• _To do_
What you write must match, character for character, the lines from the one with "Buchcover Das englische" down to the one with "Breite X-Hosenträger nur" in the listing below, minus its pictures.

• _Data records_
= = = = =

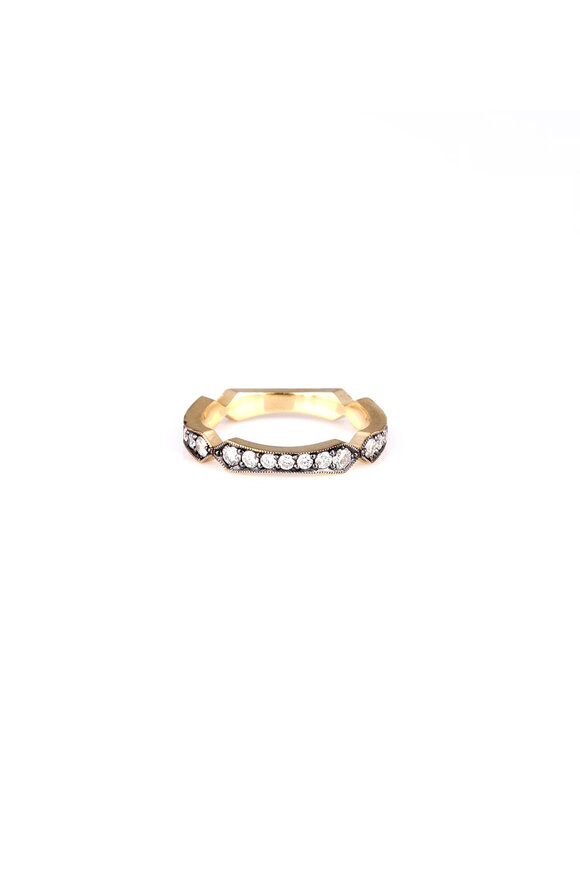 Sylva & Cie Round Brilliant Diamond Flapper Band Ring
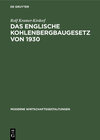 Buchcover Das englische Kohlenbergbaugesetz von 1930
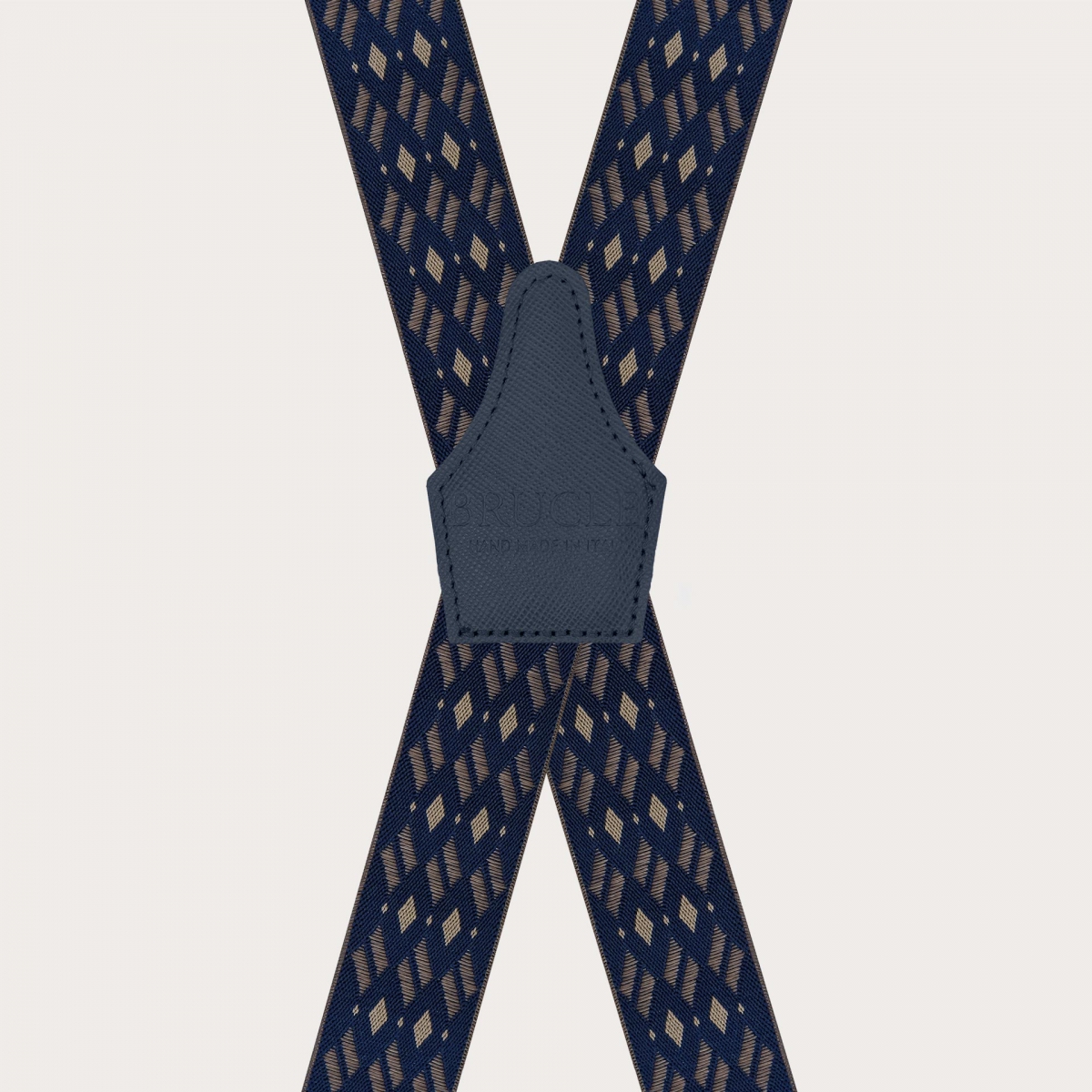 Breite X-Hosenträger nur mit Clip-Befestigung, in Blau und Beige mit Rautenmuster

= = = = =

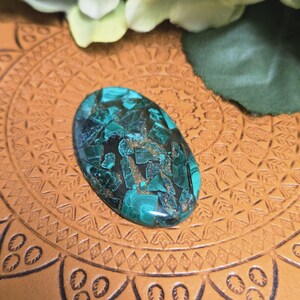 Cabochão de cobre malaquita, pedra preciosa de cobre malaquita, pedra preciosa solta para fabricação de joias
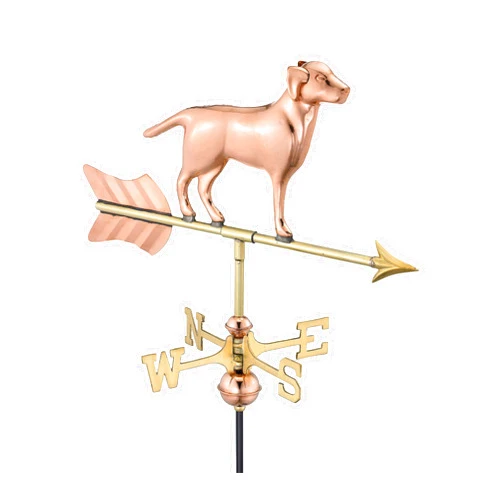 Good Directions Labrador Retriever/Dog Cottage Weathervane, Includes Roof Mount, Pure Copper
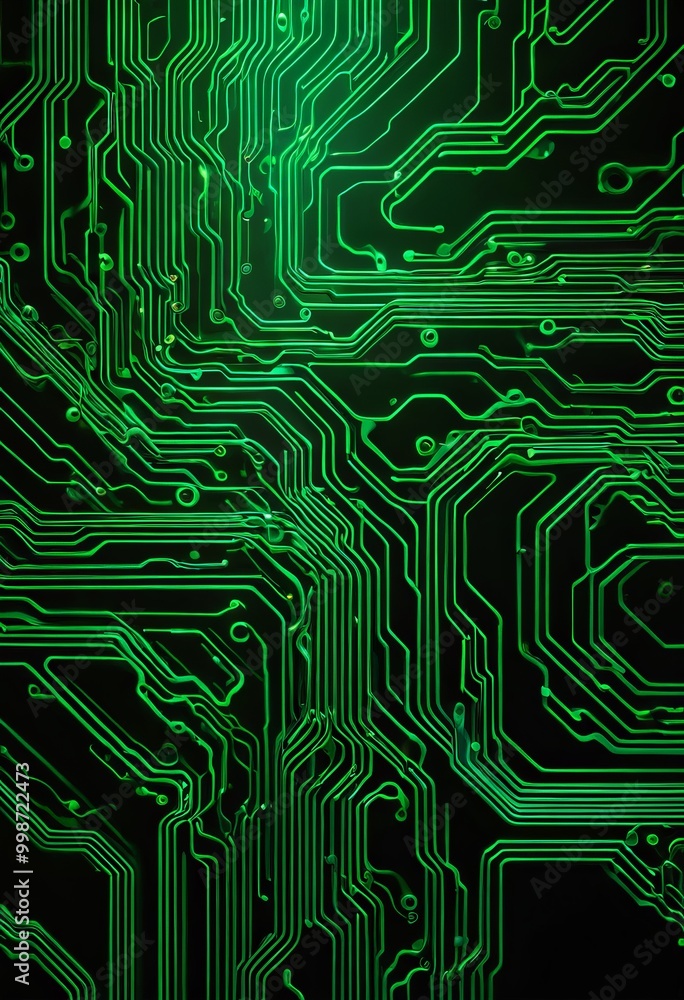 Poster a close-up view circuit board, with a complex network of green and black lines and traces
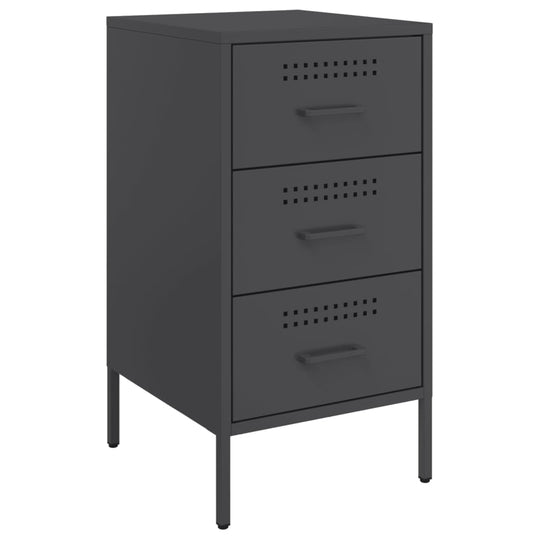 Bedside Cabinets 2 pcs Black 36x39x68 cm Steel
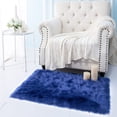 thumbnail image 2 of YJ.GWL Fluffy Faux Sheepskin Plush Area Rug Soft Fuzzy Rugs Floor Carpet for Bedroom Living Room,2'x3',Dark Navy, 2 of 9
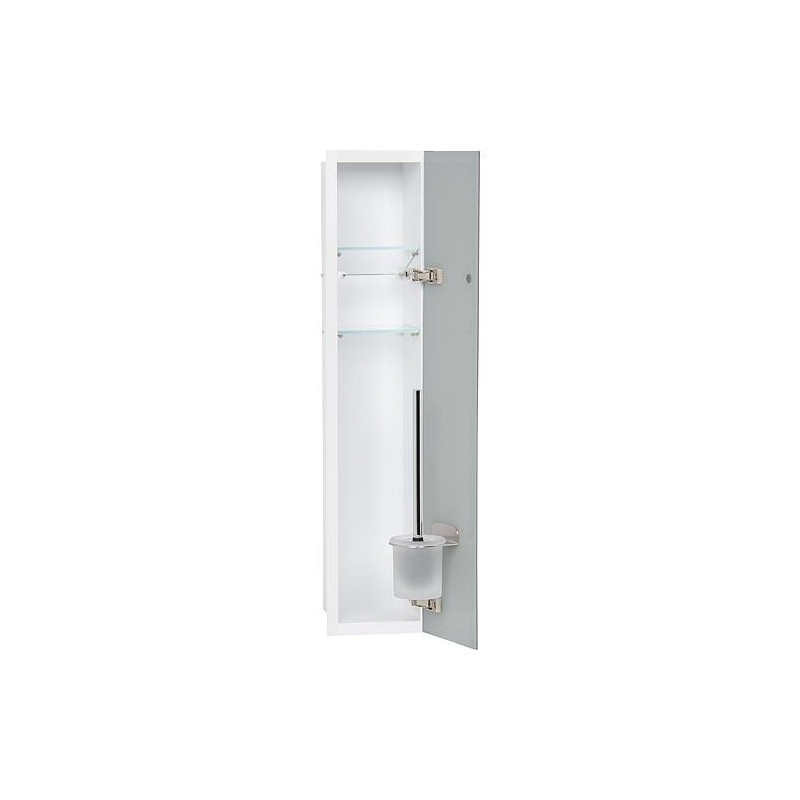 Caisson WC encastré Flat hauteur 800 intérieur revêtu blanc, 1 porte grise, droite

= = = = =

• _Completed exercise_
 Buchcover Das englische Kohlenbergbaugesetz von 1930
 Breite X-Hosenträger nur mit Clip-Befestigung, in Blau und Beige mit Rautenmuster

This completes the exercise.